Unfortunately, in my experience, Syncthing's versioning mechanisms leave much to be desired compared to what I'm used to from Dropbox. AFAIK all of Syncthing's versioning schemes only keep versions of files that have been changed _on other devices_, and not those that have changed on the device itself, whereas what I'm looking for is an option to keep a synchronized version history for all files on all devices, and the ability to more intuitively roll back and roll forward the state of any file to any revision without having to mess with manually moving and replacing files and reading timestamps (better yet would be the ability to do so for entire directories, but I realize this would probably be very difficult to accomplish across devices in a decentralized manner).
That's my primary use case for Amazon Drive. I have a robust rsync of the workstations and laptops to a NAS, and then to a second (incremental-only, no delete) NAS. Works great, but if the house burns down, or if someone breaks in and steals the computers, I want to ensure there's a copy somewhere.
If that is your main concern you could always put it on an external drive and put it a bank safe deposit box. I've thought about doing that for at least the very important things, perhaps even printing some important pictures too.
A good scenario is building a backup server/nas solution that you can put in a little cubby at your friends place. There's trust involved that you're not using their internet to hack the government, and you have to be mindful of their bandwidth/power costs. So not a rackmount server or even a tower, but something much smaller and very appliance looking. A nuc sitting atop a wd passport or their "my book".
If it provides them a benefit like an in-house plex server, even better.
I've moved mostly to syncing through Syncthing for my devices too, but I'm curious what people use for sharing files with others and accessing files through a browser on machines you don't control?
There's Siacoin, a cryptocurrency/blockchain built around the idea of decentralized encrypted p2p storage.

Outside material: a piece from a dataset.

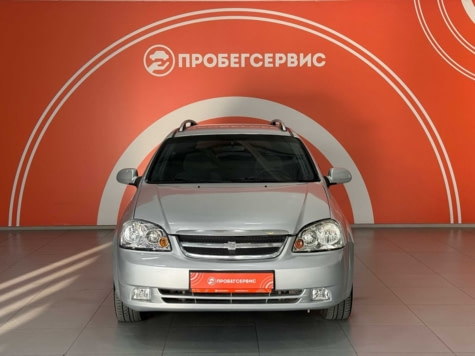 Автомобиль с пробегом Chevrolet Lacetti в городе Волгоград ДЦ - ПРОБЕГСЕРВИС в Дзержинском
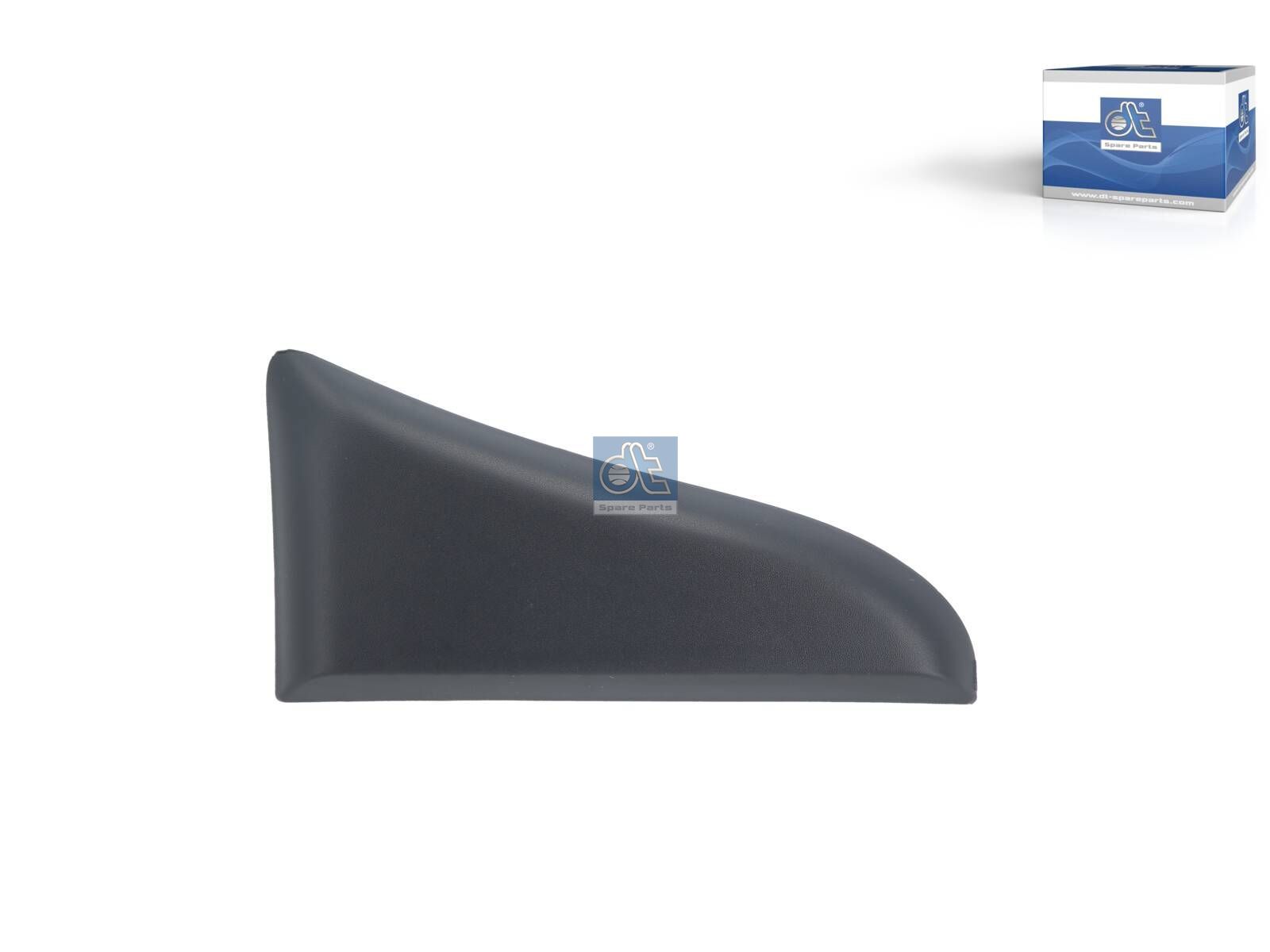DT Spare Parts 12.82154 Cover moulding, lateral, left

They're dirt cheap to store as of now: median contract price is $12/TB·mo, but network storage utilization is currenly only 2%, so actual deals settle on about $2/TB·mo. Downside is that exchange rate of their coin is highly volatile, at least was during last month.
Do these decentralized storage networks provide any guarantees in terms of durability, redundancy and availability? I've been looking into Siacoin, Filecoin, Storj and the like, but lack of clarity around some important concerns have so far prevented me from taking them seriously as a backup solution:
1. Performing a restore in a timely fashion on a large dataset seems like a tall order if these networks don't impose any minimums for the upstream bandwidth of the hosts.
2. Files can completely disappear from the network if the machines that are hosting them happen to go dark for whatever reason, which seems to be a much more likely occurrence for some random schnub hosting files for beer money than it would be for traditional storage providers that have SLAs and reputations to uphold.
Maybe these concerns are unfounded, and some or all of these networks already have measures in place to address them? I'd appreciate it if someone more familiar with these networks could enlighten me if that's the case.
In addition to redundancy, Sia has the concept of collateral, which is basically money locked in a smart contract that says "I'm willing to bet this money that I'm not going to lose your files". I.e. Hosts lose the money if they fail to store your files.
Different hosts have different amount of collateral, and it's both an important security measure as well as market mechanism.
Also, Sia is completely decentralized (unlike StorJ for example), so it can't be intervened with by anyone which might result in lost files.
Speaking as a Sia developer, I can address your concerns.
> these networks don't impose any minimums for the upstream bandwidth of the hosts.
Sia today primarily handles that through gross redundancy. If you are using the default installation, you're going to be putting your files on 50 hosts. A typical host selection is going to include at least a few sitting on large pipes. Downloads on Sia today typically run at about 80mbps. (the graph is really spiky though, it'll spike between about 40mbps and 300mbps).
We have updates in the pipeline that will allow you to speedtest hosts before signing up with them, and will allow you to continually monitor their performance over time. If they cease to be fast enough for your specific needs, you'll drop them in favor of a new host. ETA on that is probably ~August.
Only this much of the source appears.